Ben Myers of Faith and Theology has taken to writing short stories. His rather funny but also tragic piece on The last theologian connected so directly with what Andrew Louth discusses in the first chapter of Discerning the Mystery, which he titles “Dissociation of Sensibility,” that I thought that I’d better get down to posting something from it. Louth addresses the division both in our culture and within us as individuals. This is a dissociation between thought and feeling, between mind and heart. Even the attempts of the Romantics to rehabilitate aesthetics end up relegating it to the fringes. And the same thing happens to religion…

But the case with theology is in some respects different: the crack and divisions go deeper and have been there longer, and it might even be argued that it is the collapse of the centre in theology that has led to the spreading of the cracks throughout our culture. In any case, it is certain that much of the division in theology is simply a reflection of the division in our culture: the specialization in theology, the remoteness of theology - often complained of - from the Church and the believing Christian, and indeed the remoteness of theologians from one another (the Old Testament specialist from the specialist in nineteenth-century theology, say) are all part of a phenomenon we see much of elsewhere and have come to regard as inevitable.

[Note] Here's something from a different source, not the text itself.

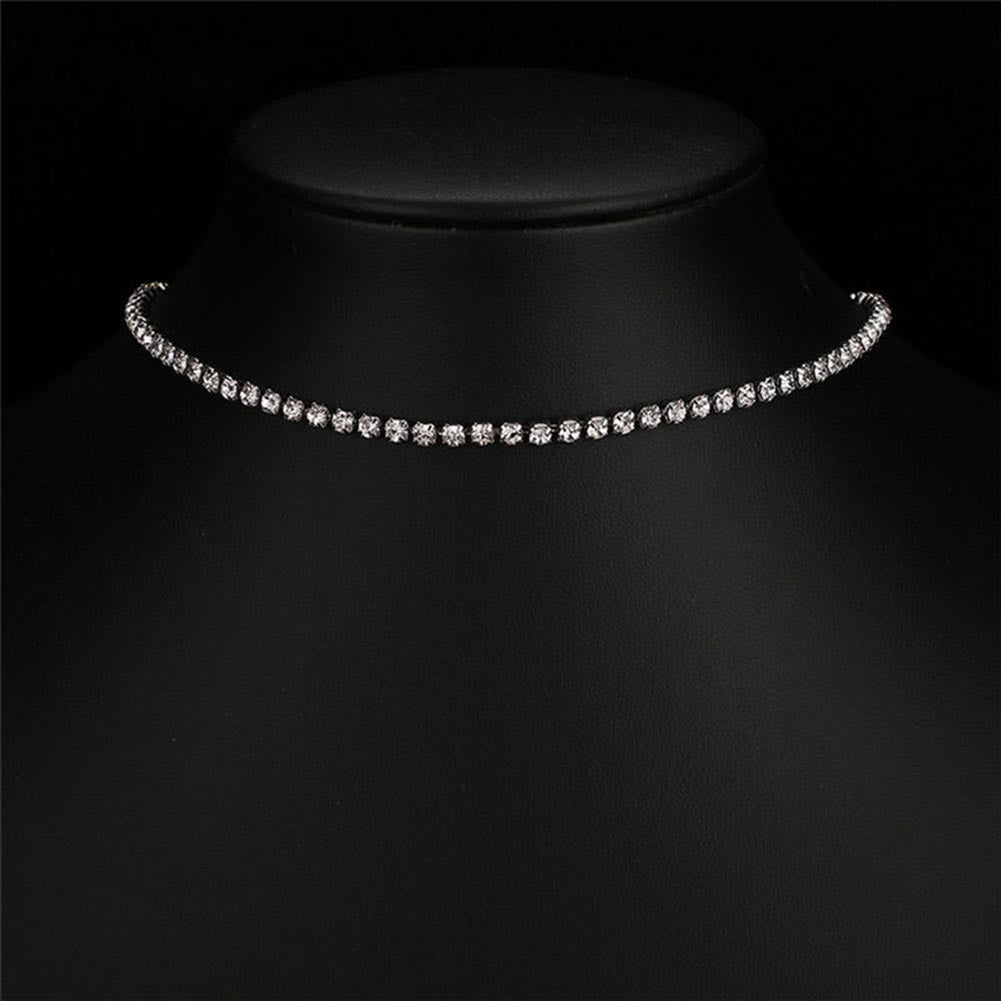 Fashion Women Shiny Rhinestones Collar Choker Necklace Wedding Party Jewelry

One way in which the division in theology manifests itself is in the division between theology and spirituality, the division between thought about God and the movement of the heart towards God. It is a division of mind and heart, recalling Eliot’s ‘dissociation of sensibility’, and a division which is particularly damaging in theology, for it threatens in a fundamental way the whole fabric of theology in both its spiritual and intellectual aspects. Cut off from the movement of the heart towards God, theology finds itself in a void - for where is its object? Where is the God with whom it concerns itself? Even if God can be reached by reason, even if natural theology is possible, real theology could never be confined within such narrow limits. For theology (as opposed to religious studies) concerns itself with the Scriptures, with tradition, with the development of dogma, with the history of the Church, all of which is natural enough to the Christian, to one who believes. But belief, faith, is not a purely rational exercise; it involves, as an indispensable element, the response of the will or the heart to the One in whom we believe. Cut off from this, theology has to justify itself, not directly, but indirectly, as an indispensable part of historic European culture, for example. It is an uneasy justification, and inevitably pushes theology to the periphery, to be studied not for itself, but for some usefulness that can be claimed for it.

Andrew Louth, Discerning the Mystery. An Essay on the Nature of Theology (Oxford, Clarendon, 1983)  2-3.

 
There is more to come, but the bell has just gone for prayers! I hope that it won’t be too long before I get back to this! (And I haven’t forgotten Zizioulas either, in case anyone is wondering, its just that other things have gotten in the way).

 

Prior Peter of Daily Bread, which is the only monastic blog that I’m aware of that provides serious - and sometimes quite provocative - theological reflections, is busy with an Easter series on Mystagogy (Mystagogy, Mystagogy Beta, Mystagogy GammaMystagogia Delta and there are hopefully more to come)  in which he explores our being taken up in the Mystery of Christ and transformed 

morphing from glory to glory, deepening our love for God, broadening our love for the Church and the world. To stand still or ‘coast’ in our discipleship might not immediately manifest itself as going backward or falling away, but when we serve a dynamic God and the Lord of History, why should we wish to settle for simple prerequisites?

These are reflections that are well worth reading, if only because they situate this process of transformation not in an abstract “mysticism” (a topic that I might return to again!) but in the liturgical life of the Church.

[Correction to the first line above: It has now become apparent that the anonymous Felix Culpa of Ora et Labora is also a monastic. And of course it was always apparent that he provides serious theological reflections.]